Well, it’s that time of year again. The time when the increase in temperature is accompanied by a corresponding decrease in your neighbor’s yardwork attire. If you are fortunate, you have the sort of neighbor who looks good in less clothing while operating a vibrating rototiller but the odds are… you don’t.
There are many midsummer backyard chores that can be done safely in a tube top and short shorts, but pulling and cutting large weeds is not one of them. At least not if you have any wild parsnip (Pastinaca sativa) in your yard.
Wild parsnip is one of only a few common wild plants that has great potential to do you great harm… and you may not even be aware of it. In fact, there’s a good chance that you’ve encountered this plant many times and never realized the potential danger that lurked within.
As its name implies, wild parsnip tends to grow wild – often in road ditches and abandoned areas – and is a member of the carrot family, closely related to the cultivated parsnips you might grow in your garden.
It is easily spotted this time of year when it has 3 to 4 foot tall yellow flowers arranged in umbrella-shaped clusters characteristic of all members of the Umbelliferae carrot family.

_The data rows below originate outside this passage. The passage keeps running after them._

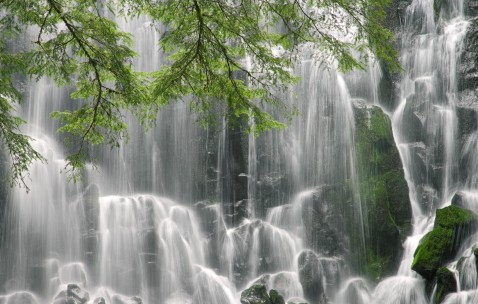 南昌总计6家正规供卵试管医院，共有5家医院满足患者要求！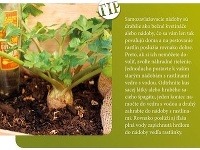 Ukážka z knihy Balkón ako záhradka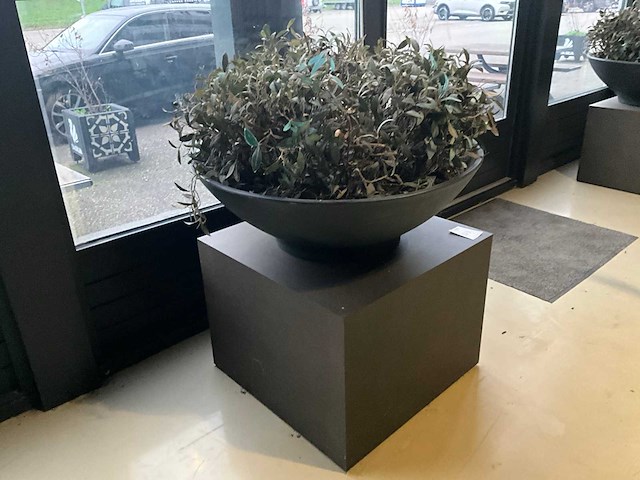 Kunst plant olijf met pot op presentatie kubus - afbeelding 2 van  5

This has been a particularly successful year for wild parsnip, and you can likely see it in road ditches almost everywhere.
Wild parsnip is a biennial, usually appearing as a spindly rosette of leaves in the first growing season, and producing flowers in the second. The basal leaves are long and frilly with saw-toothed edges. (see photo)
The most interesting thing about wild parsnip is its propensity to cause something called phytophotodermatitis. Translated, phytophotodermatitis is a plant-related skin irritation induced by exposure to light. If the juices from wild parsnip come in contact with your skin in sunny conditions, you will experience severe skin damage.
The skin damage occurs thanks to the furocoumarin chemicals in the plant tissue. These chemicals, while normally quite harmless, are energized by ultraviolet light (like that found in sunlight).
If first absorbed by your skin, the energized furocoumarin molecules destroy your skin tissue by binding to the DNA and cell membranes resulting in severe burns, blisters, and patches of dead and discolored skin.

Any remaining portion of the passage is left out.